“Rat races, dislocate both your shoulders and climb ropes until they are both back in place,” Diosa explained. “It’s a six and I can handle them. And, I can handle this without joy juice.”
“Describe the pain,” ordered the neurologist.
“It started behind the eye, shot through my skull like a kinetic round from an over and under forty-five rifle, and I see colors,” Diosa described. “Is that the camera?”
“No Master Sergeant. What you are experiencing is the first stimulation of your optic nerve by the neural interface,” the neurologist clarified. “The colors are your brain combining memories and input from your left eye to make sense of the stimuli.”
“So, I’m hallucinating?” ventured Diosa.
“Not really, it’s what we expected,” the ophthalmologist said. “Now we’re going to cover your left eye to cut off that input before removing the goggle. We need you to learn what the camera is showing you without pollution from your left eye.”
“Are you saying my left eye is polluted?” questioned Diosa. “It’s the only working one I have.”

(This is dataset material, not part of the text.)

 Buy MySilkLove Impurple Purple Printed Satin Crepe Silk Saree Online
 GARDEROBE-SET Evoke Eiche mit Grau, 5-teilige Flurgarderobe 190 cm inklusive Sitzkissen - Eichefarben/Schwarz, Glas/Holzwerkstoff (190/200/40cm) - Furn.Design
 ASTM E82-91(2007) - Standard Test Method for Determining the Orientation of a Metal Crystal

“No, no, I didn’t mean…” then the ophthalmologist noticed the grin on Master Sergeant Alberich’s face. “Let me rephrase. We want to limit the input to the right eye so you can learn to interpret the information from the camera. Without help from your good eye. Does that make sense?”
“Uncap the gear, Doctor, and let’s go operational,” insisted Diosa as she lowered her right hand and ‘made a bring it on’ motion.
“Tell us what you see,” instructed the neurologist. He lifted the goggle and let the band hold the single dark lens against her forehead.
Clumps of hues shifted as she turned her head from one doctor to the other. Logically she figured it wasn’t the shapes moving but her eye focusing to the right and left.
“The room is as stark as a warship’s corridor. Except for tints of bright and dark spots,” Diosa reported. “And the shapes are blurred around the edges. It makes it hard to tell where one shade ends and another begins.”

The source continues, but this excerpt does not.